Cognitive computing and decision-making

 

Bain analysts, Michael C. Mankins and Lori Sherer (@lorisherer), assert if you can improve a company’s decision making you can dramatically improve its bottom line. They explain, “The best way to understand any company’s operations is to view them as a series of decisions.”[4] They add, “We know from extensive research that decisions matter — a lot. Companies that make better decisions, make them faster and execute them more effectively than rivals nearly always turn in better financial performance. Not surprisingly, companies that employ advanced analytics to improve decision making and execution have the results to show for it.” Business leaders looking for pat answers from cognitive platforms are going to be disappointed.

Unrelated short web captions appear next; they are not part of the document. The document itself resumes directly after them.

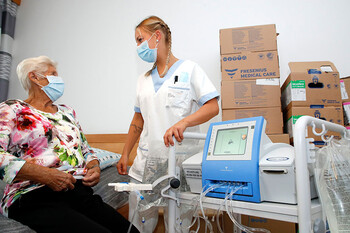 Das mobile Dialyse-Team des PEK Steyr unterstützt die Dialyse in den eigenen vier Wänden. Im Bild die diplomierte Pflegekraft Sarah Kepl, BScN MSc AMP. Das mobile Dialyse-Team des PEK Steyr unterstützt die Dialyse in den eigenen vier Wänden. Im Bild die diplomierte Pflegekraft Sarah Kepl, BScN MSc AMP.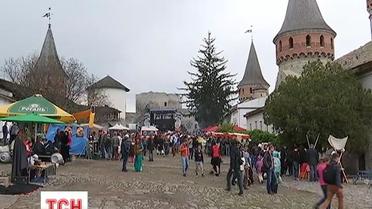 Фортеця у Кам'янці-Подільському перетворилася на середньовічне місто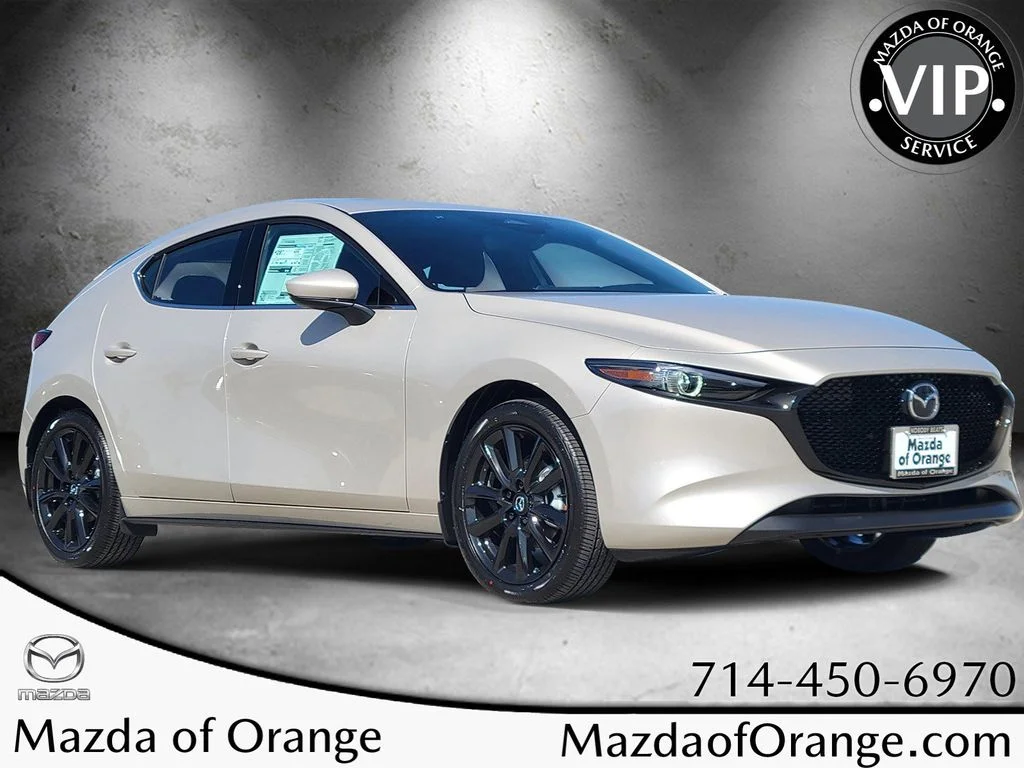 2026 Mazda CX-3 Premium MT 5-Door SKYACTIV's photo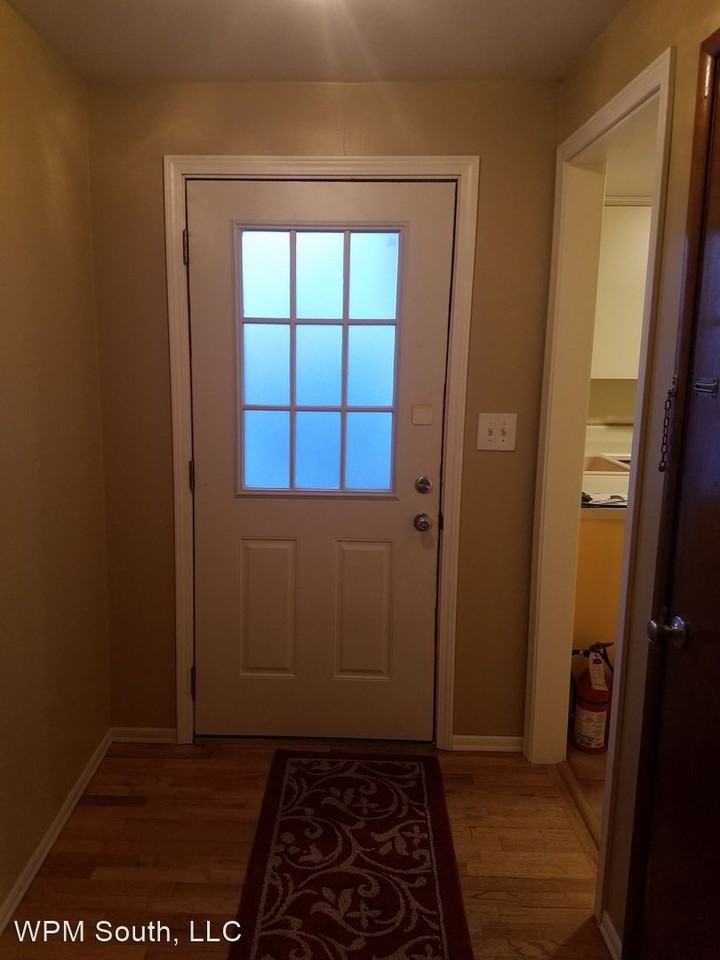 14642 7th Ave Sw Uppr - Photo 2 of 13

Author and consultant Ronald van Loon (@Ronald_vanLoon) explains, “Cognitive computing is not responsible for making decisions for humans, instead it is responsible for complementing or supplementing our own cognitive abilities of decision making.”[5] Rama Krishna Kuppa, Founder and CEO of ONGO Framework, insists organizations must transform into cognitive enterprises to thrive in the digital age. “Cognitive computing technology,” he writes, “revolves around making computers adept at mimicking the processes of the human brain, which is basically making them more intelligent. … The primary aspect of cognitive computing is its ability to learn and make decisions based on its experience. … Owing to the amazing performance of these systems, more and more industries and organizations are leveraging cognitive solutions to enhance their operations — like data accruement, insight generation, action planning and management — and boost productivity.”[6] He concludes, “Considering these factors, it is no wonder that the demand for cognitive computing technologies has seen an exponential rise. The global market is expected to cross $12.5 billion by the end of 2019 alone.”

 

Concluding thoughts

 

Tarafdar and Beath assert the implementation of enterprise cognitive computing “can generate handsome returns — dramatic improvements in performance, profitability, revenues, and customer satisfaction.” Accenture analysts call cognitive computing “the ultimate long-term solution” for many of businesses’ most nagging challenges.[7]

 

Footnotes
[1] Monideepa Tarafdar and Cynthia M. Beath, “Using AI to Enhance Business Operations,” MIT Sloan Management Review, 11 June 2019.
[2] Jelani Harper, “The future is now: cognitive computing throughout the enterprise today,” KM World, 29 April 2017.
[3] Staff, “Cognitive Computing Defined,” Cognitive Computing Consortium.
[4] Michael C. Mankins and Lori Sherer, “Creating value through advanced analytics,” Bain Brief, 11 February 2015.
[5] Ronald van Loon, “Cognitive computing: Moving from hype to deployment,” Big Data Made Simple, 15 March 2018.
[6] Rama Krishna Kuppa, “Why modern enterprises need to adopt cognitive computing for faster business growth in a digital economy,” Your Story, 14 March 2019.
[7] “From Digitally Disrupted to Digital Disrupter,” Accenture, 2014.